The crabs crawl into open bottles and containers but struggle to make their way out and are killed. Their smell then attracts other crabs who also end up trapped.

‘These results are shocking but perhaps not surprising,’ says Dr Jennifer Lavers of the University of Tasmania, who is the research’s lead author. ‘High concentrations of debris are now being encountered on beaches around the world, many of which are also home to hermit crabs that can be expected to interact with plastic pollution in the same way as those we studied. It is likely that the mortality of hermit crabs across the world’s beaches is substantial, and further investigation is required.’

Full story (BBC)


Save Earth from a climate catastrophe, urges the Pope

The Pope has waded into the politics of the climate crisis, calling for governments to rise to the ‘challenge of civilization’ posed by global warming.

Expressing dismay for the inadequate initiatives undertaken thus far to meet the targets of the 2015 Paris Agreement—which he says ‘demonstrate how far words are from concrete actions’—he says ‘we must seriously ask ourselves if there is the political will to allocate with honesty, responsibility and courage, more human, financial and technological resources to mitigate the negative effects of climate change, as well as to help the poorest and most vulnerable populations who suffer from them the most.’

Mentioning the ‘numerous studies’ that tell us it’s still possible to limit global warming, he adds that ‘there remains a window of opportunity, but we must not allow it to close….May we offer the next generation concrete reasons to hope and work for a good and dignified future.’

Full story (The Guardian)


NASA probe captures ‘the best-ever glimpse of the birthplace of the solar wind’

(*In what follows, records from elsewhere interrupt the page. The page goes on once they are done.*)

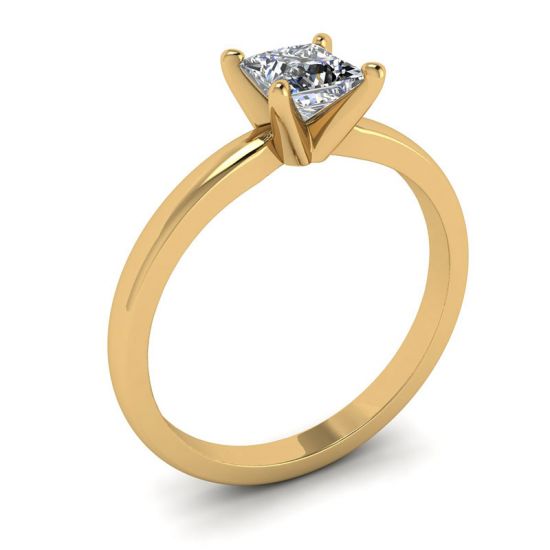 Mixed Gold Engagement ring with Princess Diamond,  Enlarge image 4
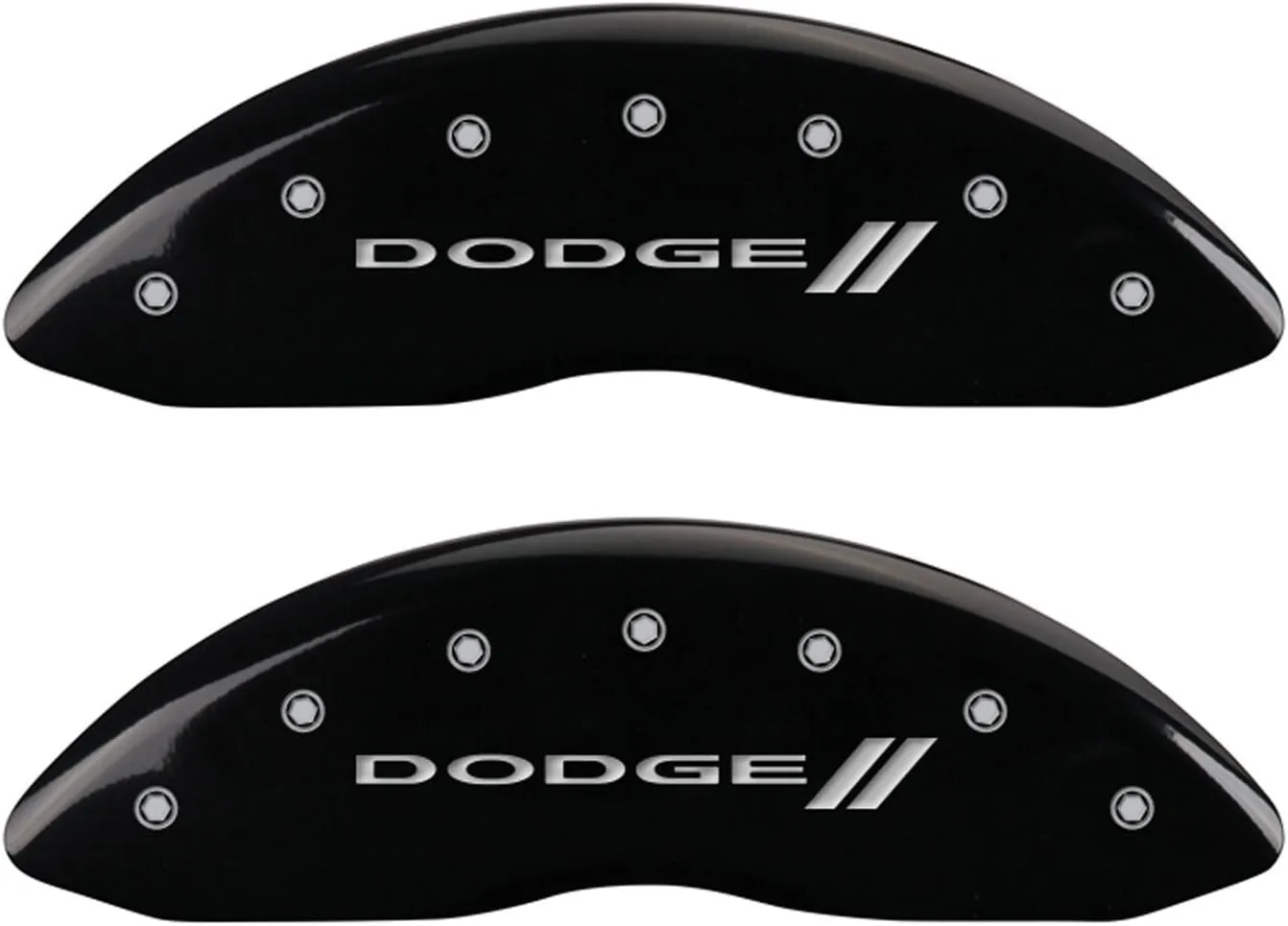 MGP Caliper Covers 12005SDD3BK Dodge ll Engraved Caliper Cover with Black Powder Coat Finish and Silver Characters, (Set of 4)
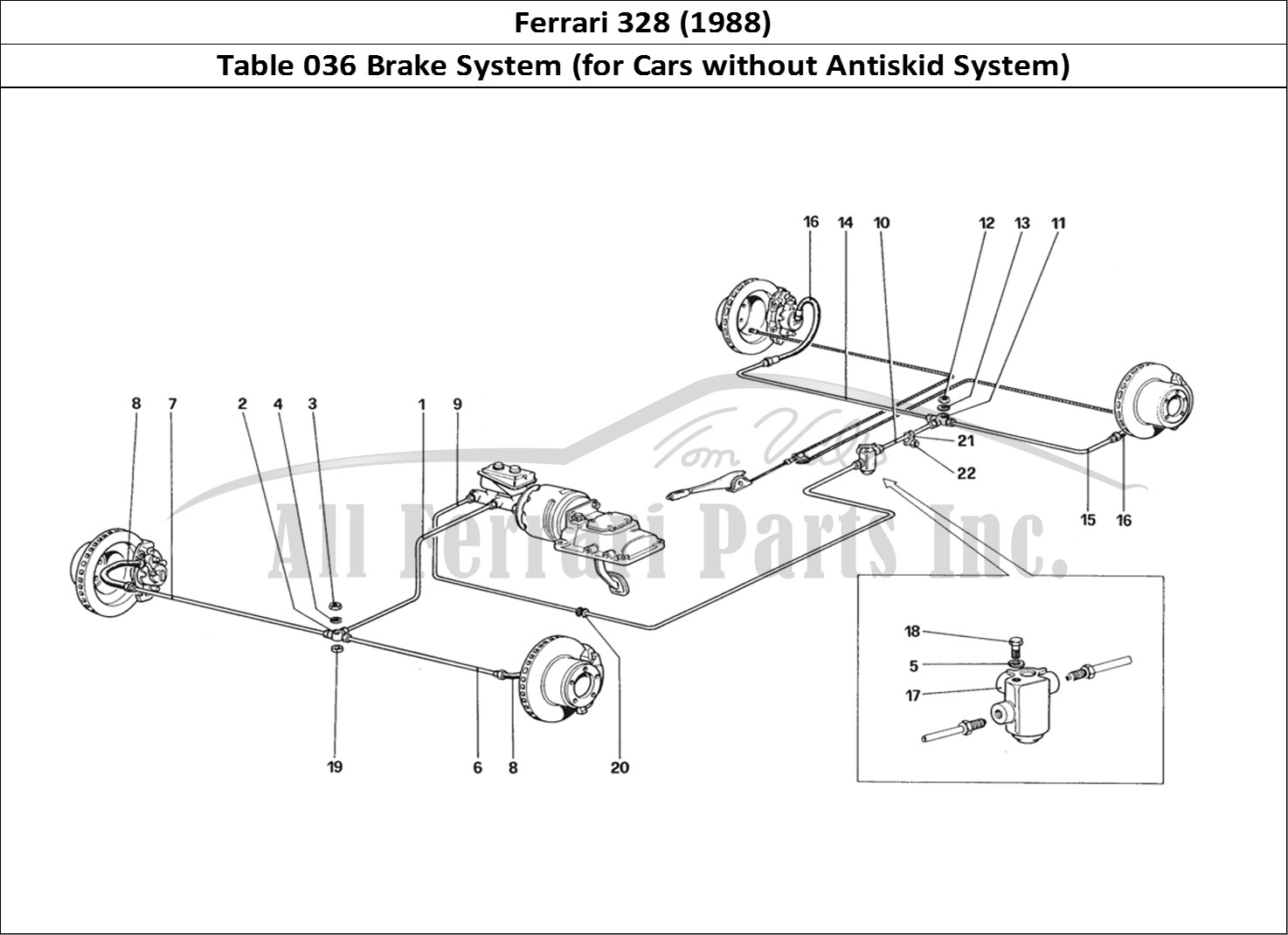 Ferrari Parts Ferrari 328 (1988) Page 036 Brake System (for Car Wit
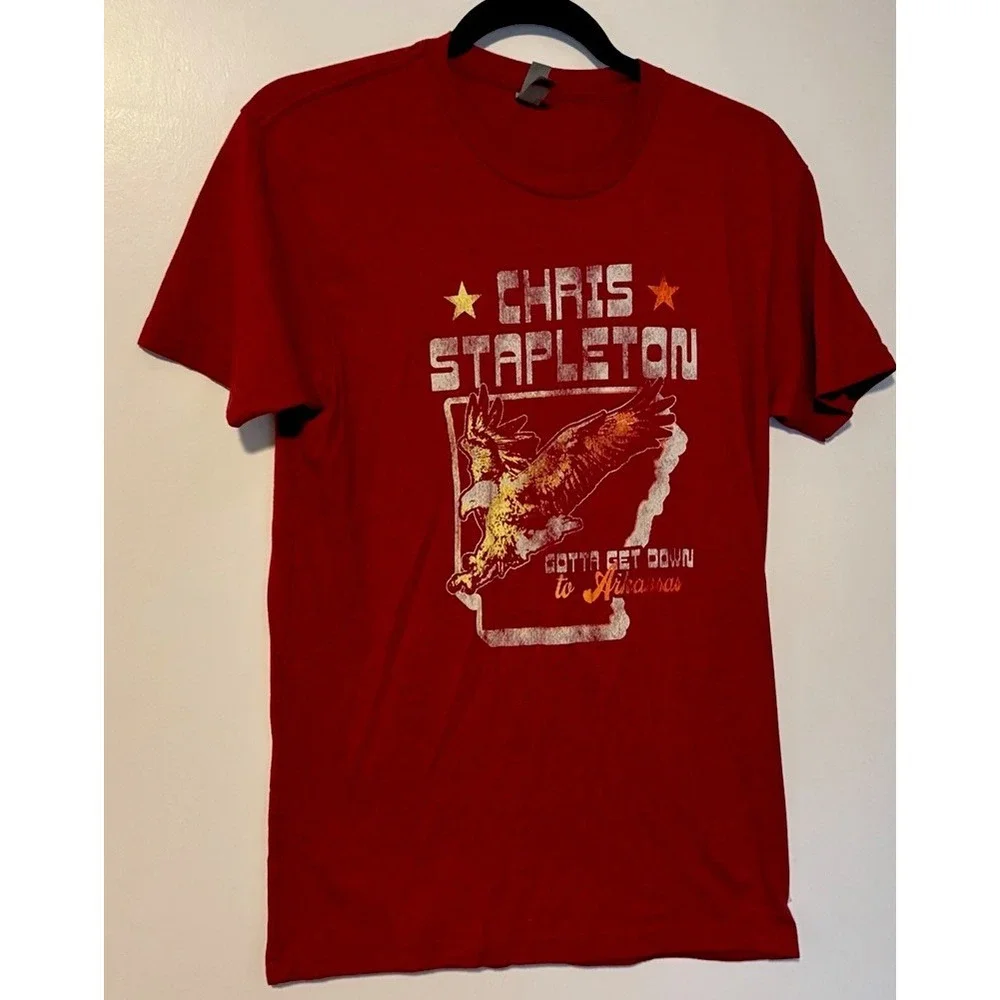 Chris Stapleton Gotta Get Down To Arkansas Tshirt Maroon Size Small Distressed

NASA image by Scott Wiessinger, Solar Dynamics Observatory at NASA Goddard Space Flight Center.

We distinctly remember once asking at school why dangerous nuclear waste couldn’t just be popped on a spaceship and sent to blow up in the sun. The teacher poo-pooed the suggestion on the basis that doing so would be spectacularly dangerous, but now, some decades later, it turns out that NASA have been ‘bombing’ the sun in order to find out about solar wind.

There is a serious reason why: the results ‘could help researchers to better prepare for periods when the solar wind is particularly turbulent and knocks out radio and other communications as it washes over Earth,’ according to Nature’s report.

Full story (Nature.com)


On This Day… in 1973

…Gerald Ford becomes Vice-President of the United States, following the resignation of Spiro Agnew two months previously amid allegations of corruption.

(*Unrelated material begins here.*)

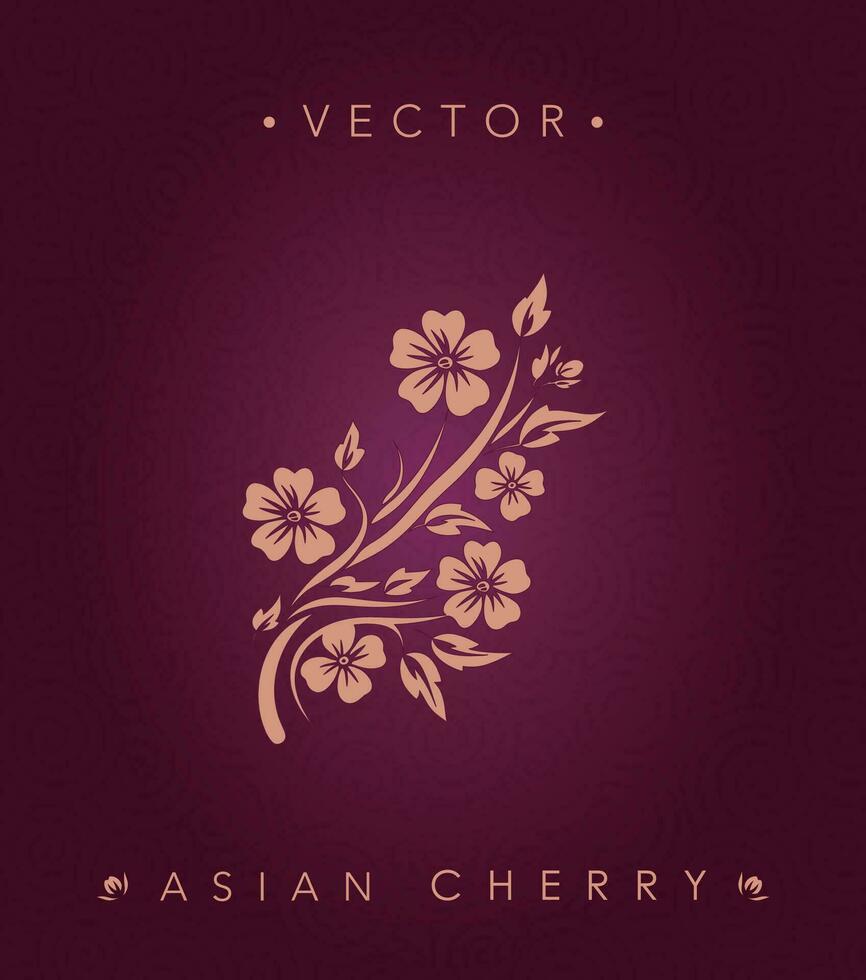 tradicional asiático Cereza florecer floral diseño vector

Little did anyone know at the time that it would put Ford on course to become president, an event which took place the following summer when Richard Nixon, too, resigned his office in the wake of the Watergate scandal.

That tumultuous sequence of events would earn a (so-far) unique spot in history for Ford: he is the only man in history to become President of the United States without first being voted in either as president or vice-president. But given the events in the States right now, who would bet against Ford having company at some point in the future?

Read more (Gerald R. Ford Foundation)


The Trafalgar Square Christmas tree looks like the last one left at the garage at 4pm on Christmas Eve

Is it a deliberate statement about austerity? An unfortunate by-product of our changing climate? Or a post-Brexit snub by Norway?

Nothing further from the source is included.